June 19, 2023- numbers 66, 67
Spoilers
“Two”

Season three started off with two well known faces as the only two actors on the show: Charles Bronson and Elizabeth Montgomery.
“This is a jungle, a monument built by nature honoring disuse, commemorating a few years of nature being left to its own devices. But it’s another kind of jungle, the kind that comes in the aftermath of man’s battles against himself. Hardly an important battle, not a Gettysburg, or a Marne, or an Iwo Jima; more like one insignificant corner patch in the crazy quilt of combat. But it was enough to end the existence of this little city. It’s been five years since a human being walked these streets. This is the first day of the sixth year, as man used to measure time. The time: perhaps a hundred years from now, or sooner. Or perhaps it’s already happened two million years ago. The place: the signposts are in English so that we may read them more easily, but the place is the Twilight Zone.”
One of the issues of this show is that there is no real explanation for what was going on here and who these two people were. They had been on different sides as we see when they first interact (a great little fight scene between them) and the fact that they are wearing different uniforms.
I will say that this idea was interesting and I was curious about what was going on. However, as with many Twilight Zone episodes, it felt like the episode wrapped up too quickly and the ending felt forced. This would have been a story that required another twenty minutes or so to make things make more sense.
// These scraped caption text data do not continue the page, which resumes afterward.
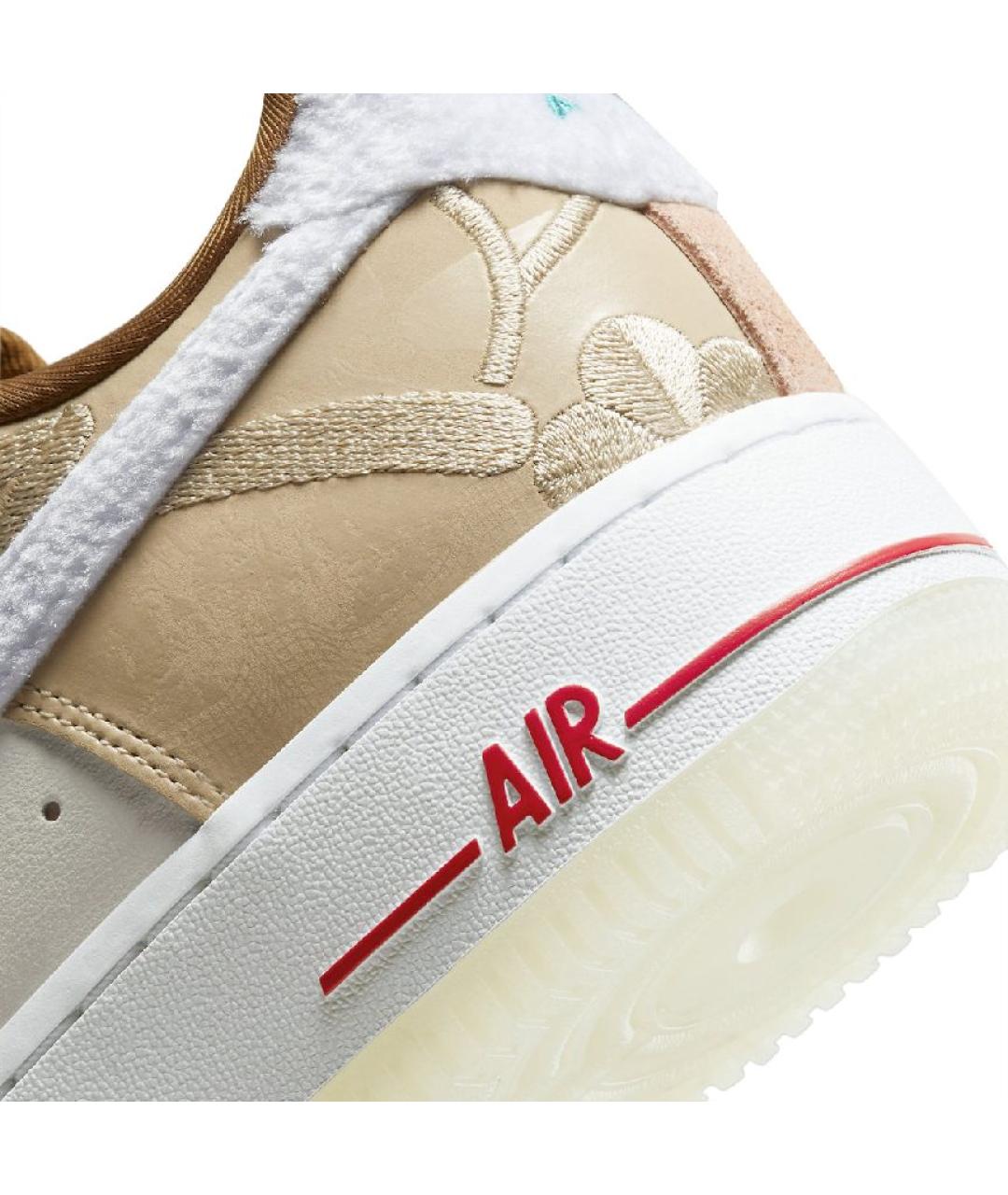 NIKE Бежевые кроссовки, фото 6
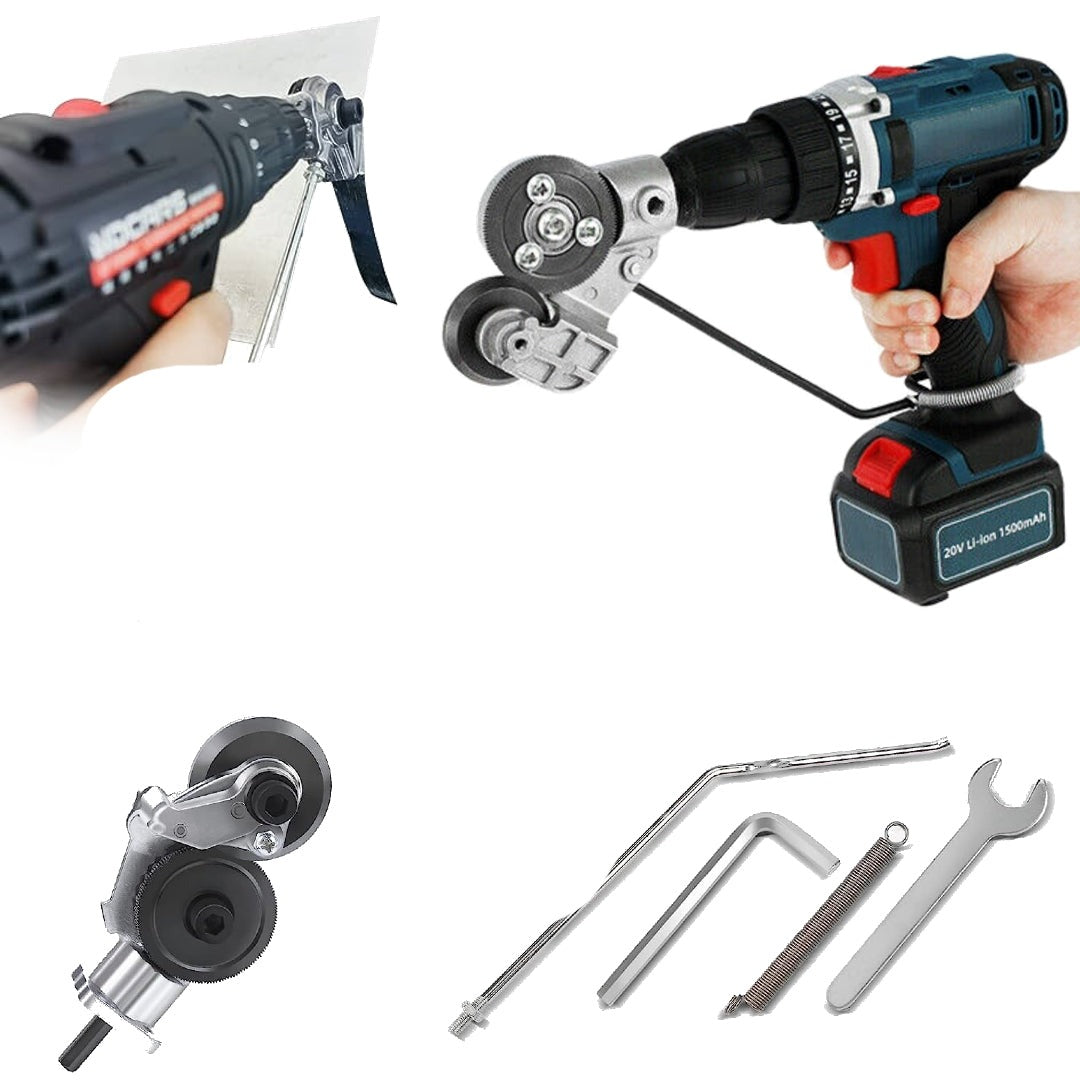 Nastavak za rezanje lima - za bušilicu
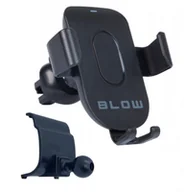 Uchwyty samochodowe do telefonów - Adapter do uchwytu na telefon uchwyt Audi A6/A7 C7 + UCHYWT Z ŁADOWARKĄ - miniaturka - grafika 1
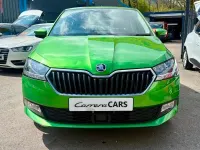Used Skoda Fabia SE L 2020 Green Hatchback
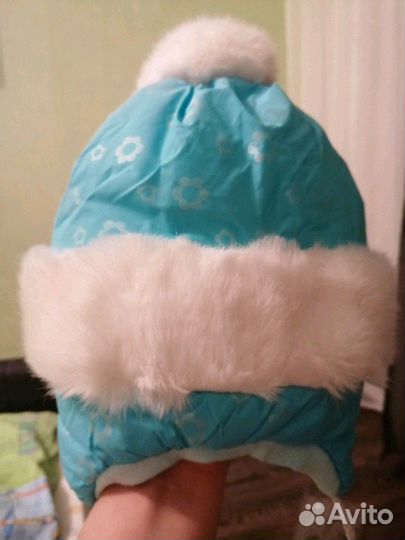 Шапка новая детская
The final narration from Rod Serling indicated that this had been a love story, but none of that had come through even remotely and that is a major drawback to the episode. It was clearly a comment on the idea of the Cold War and the dangers of nuclear war.

“The Arrival”

The second episode of the season takes some big swings, but does not quite land the plane, if you forgive the horrible pun.
A mystery is set up in the episode.
“This object, should any of you have lived underground for the better parts of your lives and never had occasion to look toward the sky, is an airplane, its official designation a DC-3. We offer this rather obvious comment because this particular airplane, the one you’re looking at, is a freak. Now, most airplanes take off and land as per scheduled. On rare occasions they crash. But all airplanes can be counted on doing one or the other. Now, yesterday morning this particular airplane ceased to be just a commercial carrier. As of its arrival it became an enigma, a seven-ton puzzle made out of aluminum, steel, wire and a few thousand other component parts, none of which add up to the right thing. In just a moment, we’re going to show you the tail end of its history. We’re going to give you ninety percent of the jigsaw pieces and you and Mr. Sheckly here of the Federal Aviation Agency will assume the problem of putting them together along with finding the missing pieces. This we offer as an evening’s hobby, a little extracurricular diversion which is really the national pastime in the Twilight Zone.”
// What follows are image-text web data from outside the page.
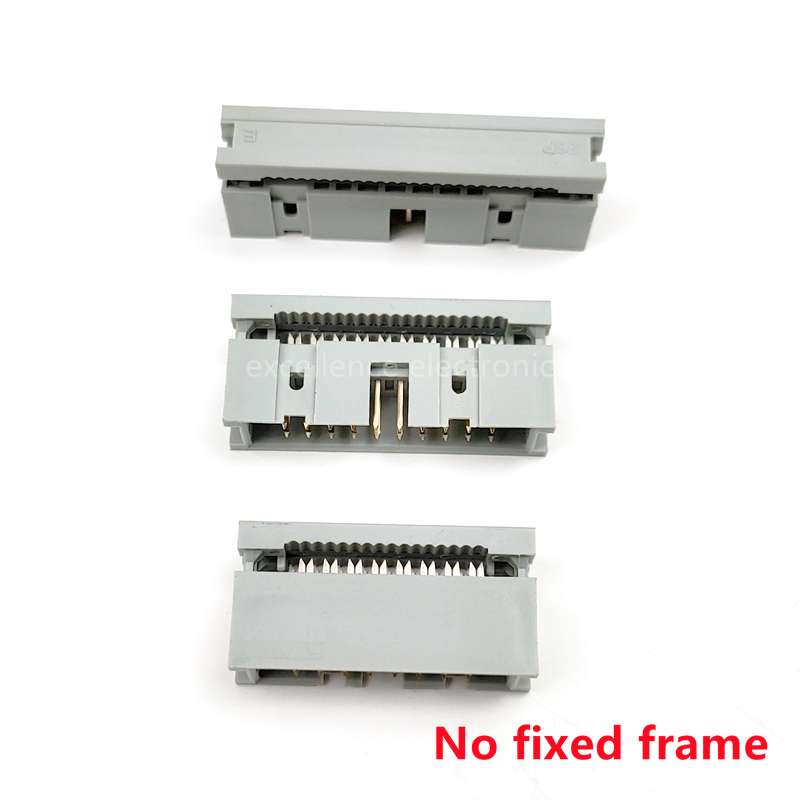 5 Stück 2,54 mm IDC-Typ-Box-He – Male Female Header Pin Bewertung und Preis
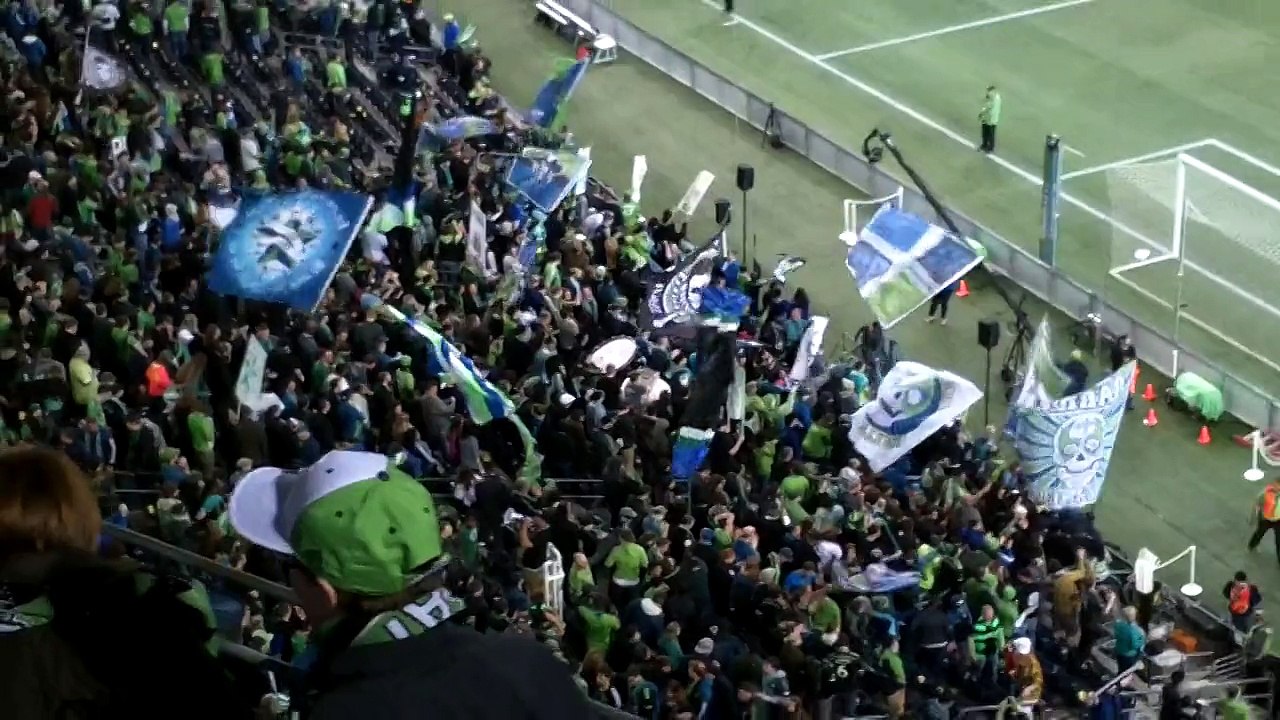 Seattle Sounders - Houston Dynamo 2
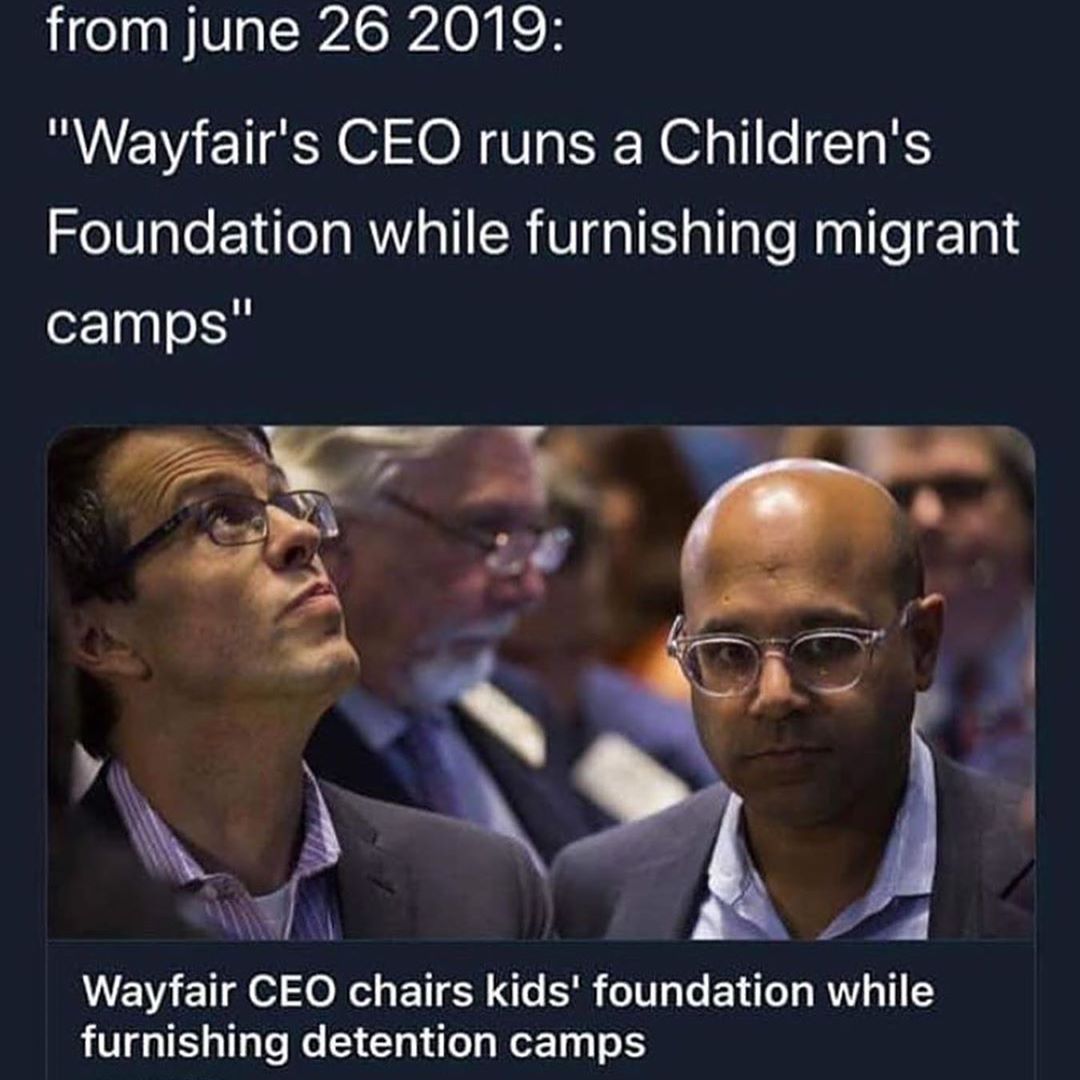 toni_tc's tweet image. 1 of 2. 
#Wayfair 
#HideInTheOpen 
#GeorgeSoros
#Maxwell 
#ConnectingTheDots 
#SaveTheChildrenWorldWide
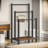 Rustic Industrial Freestanding Quilt Rack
An airplane lands at the end of its voyage but nobody is on the flight. No passengers. No pilots. No stewardesses. No one.
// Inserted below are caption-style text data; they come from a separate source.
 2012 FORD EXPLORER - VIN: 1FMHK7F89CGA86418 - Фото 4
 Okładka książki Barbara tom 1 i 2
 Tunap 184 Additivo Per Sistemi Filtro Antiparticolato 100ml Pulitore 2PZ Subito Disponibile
What a cool idea for a story. I was fully into the mystery that the show was setting up for me. Speculating about what could possibly have happened was a lot of fun. The show dropped a few hints along the way that the viewers should be thinking about- such as why was there no relatives of the missing flight passengers calling looking for updates?
The resolution of the mystery was also intriguing as it turned out the plane was just an imagined thing. It kind of reminded me of the comic book Department of Truth by James Tynion IV, with how group delusions can become real.
However, this was not a group delusion as everyone else disappeared when Mr. Sheckly proved his idea. Turned out that this was all an illusion from his own mind because of guilt from his failure to solve this plane’s disappearance from 17 year prior.
While I like the overall concept of the episode, I do think the actual execution of the idea was lacking. Was there a triggering event that caused Sheckly to imagine this into existence? The beginning when Sheckly wasn’t yet here and the other employees (who were shown to be in Sheckly’s imagination too later) felt odd in retrospect.
I was in this episode from the beginning. I just feel as if the conclusion did not live up to the prologue.